La métaphore des tiroirs qui lui donne son titre, particulièrement bien sentie, reflète ce sentiment que les artistes invités dans cette exposition, présentant des œuvres nouvelles ou des pièces plus anciennes, se servent des mots en artisans sur à la table de leur ouvroir de réalité potentielle, puisant dans l’archive de leur intimité les plans pour une création nouvelle. Dans un jeu de présence absence, la figure de Jacques Roubaud devient le spectre qui hante l’espace de réflexion ; sans interprétation didactique, par touches, les formes font résonner les mots, les transportent et les modèlent dans un paysage sobre comme une page de notes, usée du temps passé à attendre sa mise en forme et brillante de l’ouverture des possibles qu’elle cache en son sein.

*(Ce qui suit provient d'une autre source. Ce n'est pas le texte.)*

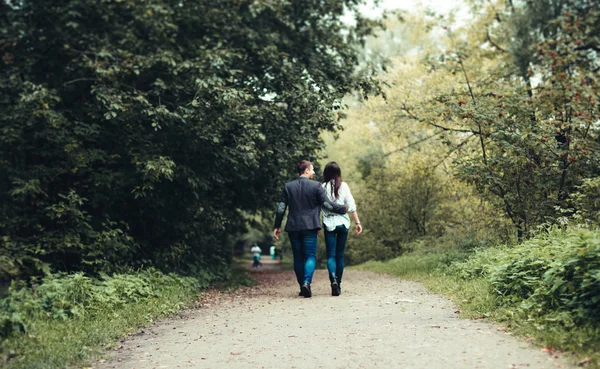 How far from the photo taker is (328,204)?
10039mm

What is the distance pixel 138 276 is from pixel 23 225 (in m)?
3.57

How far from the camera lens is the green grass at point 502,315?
471cm

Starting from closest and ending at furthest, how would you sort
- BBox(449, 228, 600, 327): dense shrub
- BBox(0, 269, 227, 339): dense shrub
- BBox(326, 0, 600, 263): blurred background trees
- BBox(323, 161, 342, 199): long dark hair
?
BBox(449, 228, 600, 327): dense shrub < BBox(0, 269, 227, 339): dense shrub < BBox(323, 161, 342, 199): long dark hair < BBox(326, 0, 600, 263): blurred background trees

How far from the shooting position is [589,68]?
18.1 metres

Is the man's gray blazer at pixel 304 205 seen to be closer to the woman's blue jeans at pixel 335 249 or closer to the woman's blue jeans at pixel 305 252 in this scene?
the woman's blue jeans at pixel 305 252

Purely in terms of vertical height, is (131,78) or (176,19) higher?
(176,19)

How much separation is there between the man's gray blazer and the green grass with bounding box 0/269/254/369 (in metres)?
2.18

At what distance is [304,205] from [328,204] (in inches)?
16.2

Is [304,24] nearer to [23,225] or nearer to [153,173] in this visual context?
[153,173]

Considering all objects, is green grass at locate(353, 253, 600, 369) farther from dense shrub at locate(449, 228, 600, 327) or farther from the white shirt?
the white shirt

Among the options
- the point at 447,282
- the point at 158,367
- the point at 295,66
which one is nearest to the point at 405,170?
the point at 295,66

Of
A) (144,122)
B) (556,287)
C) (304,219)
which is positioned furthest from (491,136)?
(144,122)

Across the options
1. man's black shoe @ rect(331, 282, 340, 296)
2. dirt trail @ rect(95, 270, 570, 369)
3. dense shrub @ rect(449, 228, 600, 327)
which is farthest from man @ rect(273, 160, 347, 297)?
dense shrub @ rect(449, 228, 600, 327)

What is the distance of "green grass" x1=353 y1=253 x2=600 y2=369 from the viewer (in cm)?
471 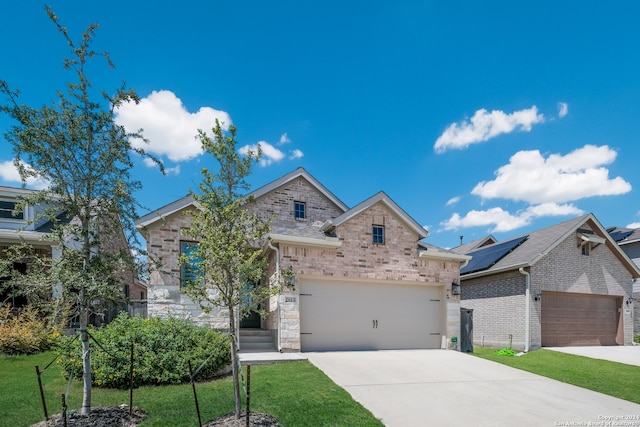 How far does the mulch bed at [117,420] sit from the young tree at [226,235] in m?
0.24

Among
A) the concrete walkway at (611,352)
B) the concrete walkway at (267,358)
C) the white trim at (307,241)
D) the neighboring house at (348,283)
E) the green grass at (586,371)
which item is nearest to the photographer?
the green grass at (586,371)

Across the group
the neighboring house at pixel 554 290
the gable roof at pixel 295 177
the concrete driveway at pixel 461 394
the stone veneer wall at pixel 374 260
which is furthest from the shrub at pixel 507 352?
the gable roof at pixel 295 177

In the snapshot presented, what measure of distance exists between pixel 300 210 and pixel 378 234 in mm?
4014

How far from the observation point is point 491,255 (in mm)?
17219

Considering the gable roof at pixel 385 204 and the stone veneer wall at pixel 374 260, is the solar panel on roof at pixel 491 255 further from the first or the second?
the gable roof at pixel 385 204

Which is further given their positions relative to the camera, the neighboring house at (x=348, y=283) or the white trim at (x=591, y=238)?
the white trim at (x=591, y=238)

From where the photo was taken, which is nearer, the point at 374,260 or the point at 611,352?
the point at 374,260

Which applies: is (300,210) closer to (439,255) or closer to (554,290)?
(439,255)


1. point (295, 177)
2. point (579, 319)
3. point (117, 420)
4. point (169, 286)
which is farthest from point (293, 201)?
point (579, 319)

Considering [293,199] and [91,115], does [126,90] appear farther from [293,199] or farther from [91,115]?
[293,199]

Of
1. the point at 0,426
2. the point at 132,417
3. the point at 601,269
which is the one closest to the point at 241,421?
the point at 132,417

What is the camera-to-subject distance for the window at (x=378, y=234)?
12.4 m

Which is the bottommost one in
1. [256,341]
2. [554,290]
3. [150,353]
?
[256,341]

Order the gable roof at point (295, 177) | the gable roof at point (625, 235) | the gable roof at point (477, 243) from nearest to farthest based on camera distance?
the gable roof at point (295, 177) → the gable roof at point (625, 235) → the gable roof at point (477, 243) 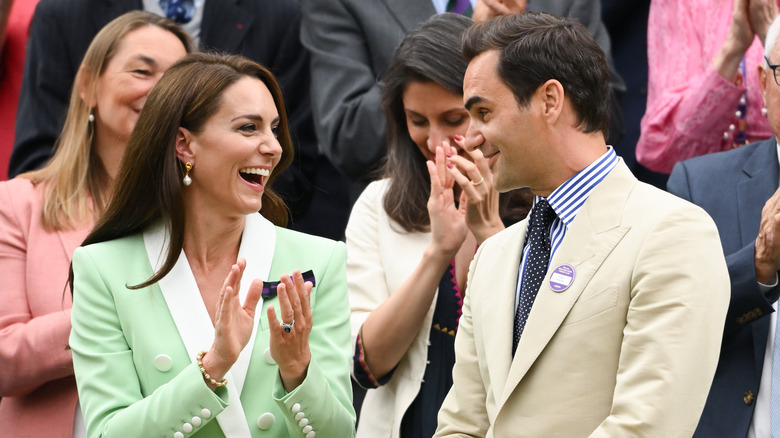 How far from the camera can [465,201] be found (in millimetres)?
4633

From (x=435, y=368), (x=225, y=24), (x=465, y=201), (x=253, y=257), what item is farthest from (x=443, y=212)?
(x=225, y=24)

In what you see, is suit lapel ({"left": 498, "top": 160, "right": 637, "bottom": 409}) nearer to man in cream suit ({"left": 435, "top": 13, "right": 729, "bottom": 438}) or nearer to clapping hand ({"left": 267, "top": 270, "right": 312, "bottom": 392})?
man in cream suit ({"left": 435, "top": 13, "right": 729, "bottom": 438})

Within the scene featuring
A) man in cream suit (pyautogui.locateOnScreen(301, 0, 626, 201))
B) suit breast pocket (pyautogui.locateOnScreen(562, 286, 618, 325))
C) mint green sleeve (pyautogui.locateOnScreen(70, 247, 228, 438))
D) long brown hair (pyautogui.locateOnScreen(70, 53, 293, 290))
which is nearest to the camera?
suit breast pocket (pyautogui.locateOnScreen(562, 286, 618, 325))

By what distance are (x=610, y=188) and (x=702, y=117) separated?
1900 mm

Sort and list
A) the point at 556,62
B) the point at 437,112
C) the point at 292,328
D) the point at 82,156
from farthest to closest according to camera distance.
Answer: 1. the point at 82,156
2. the point at 437,112
3. the point at 292,328
4. the point at 556,62

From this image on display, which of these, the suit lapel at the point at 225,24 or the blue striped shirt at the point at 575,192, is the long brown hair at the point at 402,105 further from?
the blue striped shirt at the point at 575,192

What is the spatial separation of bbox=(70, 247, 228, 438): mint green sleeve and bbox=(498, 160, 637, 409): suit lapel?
95cm

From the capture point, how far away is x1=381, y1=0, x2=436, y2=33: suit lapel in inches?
223

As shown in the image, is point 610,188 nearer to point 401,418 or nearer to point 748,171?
point 748,171

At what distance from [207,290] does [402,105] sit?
4.59 feet

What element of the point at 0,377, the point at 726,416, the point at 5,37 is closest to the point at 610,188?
the point at 726,416

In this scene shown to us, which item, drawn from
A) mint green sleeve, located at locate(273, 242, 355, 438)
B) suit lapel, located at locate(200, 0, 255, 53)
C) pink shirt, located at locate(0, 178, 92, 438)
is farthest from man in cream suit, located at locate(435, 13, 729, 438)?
suit lapel, located at locate(200, 0, 255, 53)

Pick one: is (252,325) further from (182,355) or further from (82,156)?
(82,156)

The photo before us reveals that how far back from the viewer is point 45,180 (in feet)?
16.3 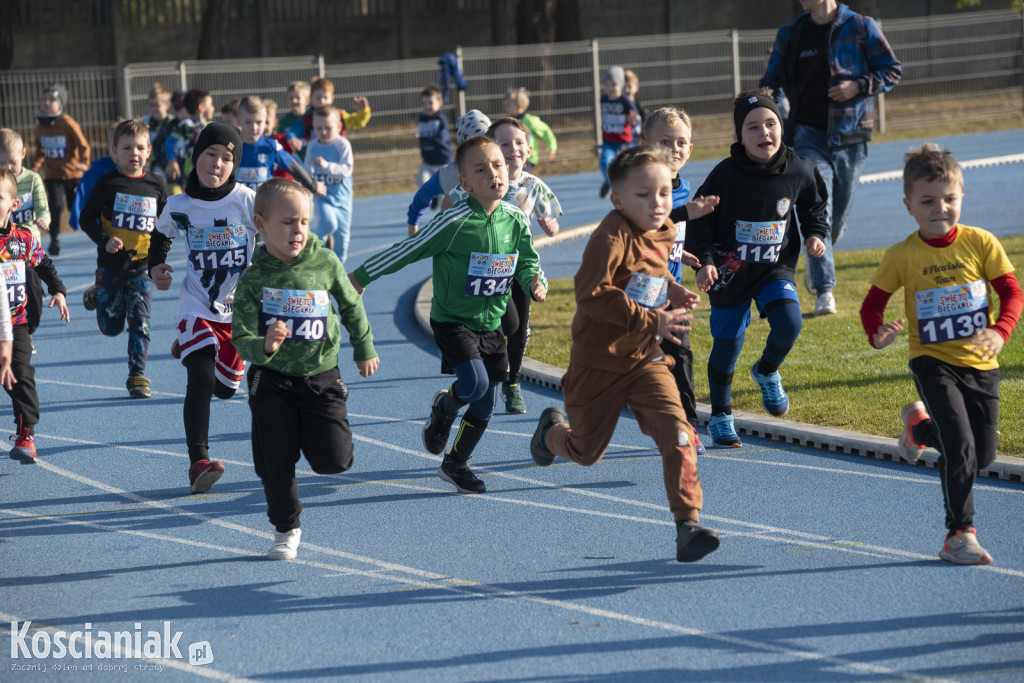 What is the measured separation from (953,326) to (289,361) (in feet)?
9.45

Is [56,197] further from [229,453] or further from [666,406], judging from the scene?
[666,406]

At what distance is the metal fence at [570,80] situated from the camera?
22281 millimetres

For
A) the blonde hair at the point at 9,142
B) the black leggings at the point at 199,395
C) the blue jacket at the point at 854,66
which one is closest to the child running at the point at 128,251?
the blonde hair at the point at 9,142

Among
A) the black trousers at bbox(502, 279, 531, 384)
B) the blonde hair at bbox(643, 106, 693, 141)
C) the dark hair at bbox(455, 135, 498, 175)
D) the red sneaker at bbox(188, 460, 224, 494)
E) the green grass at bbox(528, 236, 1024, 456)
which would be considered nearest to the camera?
the dark hair at bbox(455, 135, 498, 175)

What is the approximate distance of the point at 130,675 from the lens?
4.56 meters

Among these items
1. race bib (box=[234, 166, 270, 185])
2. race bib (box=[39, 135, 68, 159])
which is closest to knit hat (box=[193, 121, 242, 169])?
race bib (box=[234, 166, 270, 185])

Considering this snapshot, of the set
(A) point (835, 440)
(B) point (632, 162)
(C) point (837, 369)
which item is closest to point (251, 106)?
(C) point (837, 369)

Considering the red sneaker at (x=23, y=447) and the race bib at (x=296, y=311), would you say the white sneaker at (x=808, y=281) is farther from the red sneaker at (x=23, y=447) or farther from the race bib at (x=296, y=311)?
the red sneaker at (x=23, y=447)

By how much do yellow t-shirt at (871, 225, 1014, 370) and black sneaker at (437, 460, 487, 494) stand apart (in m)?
2.40

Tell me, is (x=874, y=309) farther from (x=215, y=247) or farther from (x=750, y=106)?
(x=215, y=247)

Par touches donc, on accède à des propositions formelles qui font glisser les niveaux de lecture. La lettre devenue motif abstrait au long d’une projection de texte dans un processus de perforation chez Angela Detanico et Rafael Lain et leur installation Lumière répond aux cailloux de Hans-Peter Feldmann, formes absconses se parant, elles, de points qui les projettent dans l’horizon du sens. Un retournement qui frôle la mélancolie chez Michael Snow, où l’eau redescend sur terre, en flocon, revenant lui à son patronyme, Snow (de A. pour Thierry) qui nous fige devant un paysage enneigé. De même, la sphère de Daniel Gustav Kramer, trônant au milieu de l’espace d’exposition s’intègre dans une lecture globale, signe de ponctuation redistribuant la rythmique orchestrée par le parcours.

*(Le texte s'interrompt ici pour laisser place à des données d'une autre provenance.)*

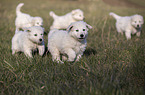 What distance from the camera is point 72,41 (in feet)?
10.6

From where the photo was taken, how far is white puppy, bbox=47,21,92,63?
3095mm

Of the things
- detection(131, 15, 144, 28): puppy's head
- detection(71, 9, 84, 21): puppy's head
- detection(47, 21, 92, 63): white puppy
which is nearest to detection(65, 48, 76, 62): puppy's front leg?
detection(47, 21, 92, 63): white puppy

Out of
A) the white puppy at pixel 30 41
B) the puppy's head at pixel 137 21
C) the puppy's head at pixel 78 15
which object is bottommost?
the white puppy at pixel 30 41

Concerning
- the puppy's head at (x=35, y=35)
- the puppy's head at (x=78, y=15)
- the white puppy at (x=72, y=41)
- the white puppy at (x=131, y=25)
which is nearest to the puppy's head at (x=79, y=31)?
the white puppy at (x=72, y=41)

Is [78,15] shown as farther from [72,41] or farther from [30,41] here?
[72,41]

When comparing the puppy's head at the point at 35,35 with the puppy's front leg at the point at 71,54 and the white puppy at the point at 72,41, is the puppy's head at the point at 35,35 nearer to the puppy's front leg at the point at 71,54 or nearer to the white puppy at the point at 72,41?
the white puppy at the point at 72,41

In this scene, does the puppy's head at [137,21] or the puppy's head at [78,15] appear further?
the puppy's head at [78,15]

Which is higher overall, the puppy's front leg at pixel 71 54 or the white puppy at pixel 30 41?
the white puppy at pixel 30 41

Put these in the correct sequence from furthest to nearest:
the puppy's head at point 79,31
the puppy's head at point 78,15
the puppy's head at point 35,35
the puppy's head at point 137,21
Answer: the puppy's head at point 78,15, the puppy's head at point 137,21, the puppy's head at point 35,35, the puppy's head at point 79,31

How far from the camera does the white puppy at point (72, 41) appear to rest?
3095 mm

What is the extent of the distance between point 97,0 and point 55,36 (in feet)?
51.7

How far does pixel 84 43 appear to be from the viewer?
11.1 ft

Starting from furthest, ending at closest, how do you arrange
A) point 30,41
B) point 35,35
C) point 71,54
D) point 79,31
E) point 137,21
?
point 137,21 < point 30,41 < point 35,35 < point 71,54 < point 79,31

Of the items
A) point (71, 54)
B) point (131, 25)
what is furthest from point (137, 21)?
point (71, 54)
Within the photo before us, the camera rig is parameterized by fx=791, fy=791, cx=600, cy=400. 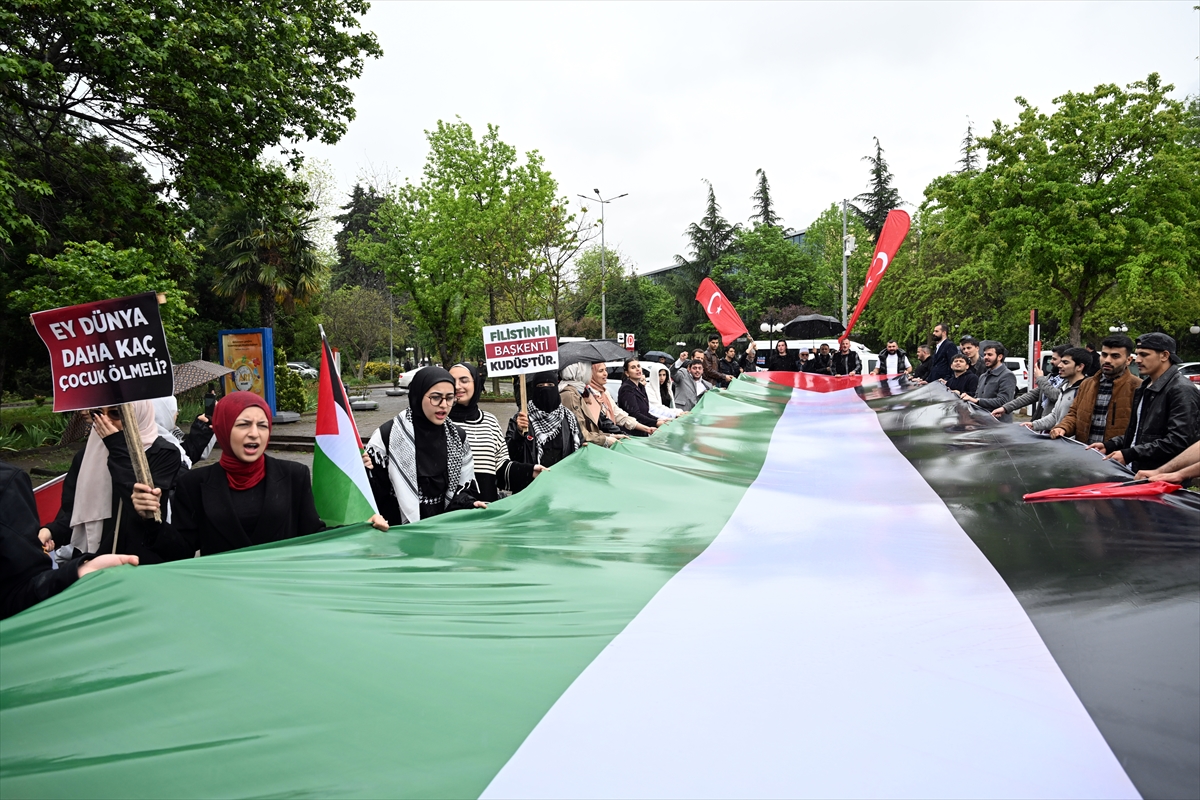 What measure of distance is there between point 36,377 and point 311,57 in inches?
1322

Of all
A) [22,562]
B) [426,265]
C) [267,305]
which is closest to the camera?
[22,562]

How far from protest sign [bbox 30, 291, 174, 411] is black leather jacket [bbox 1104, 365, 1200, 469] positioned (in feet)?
20.2

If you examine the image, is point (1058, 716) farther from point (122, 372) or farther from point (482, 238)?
point (482, 238)

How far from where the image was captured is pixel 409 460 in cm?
496

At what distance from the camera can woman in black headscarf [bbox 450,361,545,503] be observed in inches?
216

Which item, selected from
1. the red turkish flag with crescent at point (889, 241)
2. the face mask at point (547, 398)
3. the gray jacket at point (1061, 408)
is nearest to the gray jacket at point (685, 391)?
the red turkish flag with crescent at point (889, 241)

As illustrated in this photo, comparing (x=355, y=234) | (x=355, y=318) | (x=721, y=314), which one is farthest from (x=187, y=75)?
(x=355, y=234)

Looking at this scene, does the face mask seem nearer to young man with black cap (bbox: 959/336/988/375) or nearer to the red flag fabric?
the red flag fabric

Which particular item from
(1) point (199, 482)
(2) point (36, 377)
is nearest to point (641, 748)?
(1) point (199, 482)

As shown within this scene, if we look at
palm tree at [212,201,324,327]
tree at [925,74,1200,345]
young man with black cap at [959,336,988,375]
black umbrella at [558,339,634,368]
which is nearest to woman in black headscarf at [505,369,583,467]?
black umbrella at [558,339,634,368]

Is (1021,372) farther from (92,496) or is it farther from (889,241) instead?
(92,496)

Une cadence faite de soubresauts et de stases languissantes ; l’effacement progressif des lettres, toujours dans Lumière mais aussi le mouvement suspendu des mots dans le nuage visuel de Charles Sandison apparaissent comme autant de pièges face à l’apparition subreptice d’un indice sur la cimaise ; la phrase Something Only You Can Realise de Robert Barry qui n’a pas bougé depuis l’exposition précédente, comme un clin d’œil du temps rappelant un signe déjà vu ou la raide stupeur d’une rencontre avec le cadavre d’une chouette, Topaze Inside an Owl de Jason Dodge. On tourne autour, l’esprit chargé encore des mots du poète qui nous accueillait à l’entrée du parcours ; on pense à Beuys, à cette proximité radicale de l’art et de l’impossible, à Comment expliquer les tableaux à un lièvre mort.
Mais s’agit-il encore ici d’expliquer, cette rencontre de médiums hétéroclites avec la poésie a-t-elle encore des fins rationnelles ? C’est peut-être précisément dans cet empilement de langues, cette résistance de chacune des propositions à se « comprendre », à s’embrasser totalement, préservant par là même tout risque de fondre un peu de sa singularité que cette proposition obéit le mieux à la disposition poétique de la littérature. Tenter de faire vivre, en suspension, chaque mot du vers dans l’édifice fragile de leur rencontre tout en préservant la force sonore, sensorielle de chacun de ses éléments, de chacune de ses lettres pour composer, à rebours de notre condition, des empires fondés d’empires, des châteaux de sens balançant au gré du fragile équilibre de leurs différences.
Alors on s’accorde à cette position d’une lecture hommage qui fait à son tour bouger les lignes, car finalement un hommage n’est jamais mieux rendu que lorsqu’il est vibrant.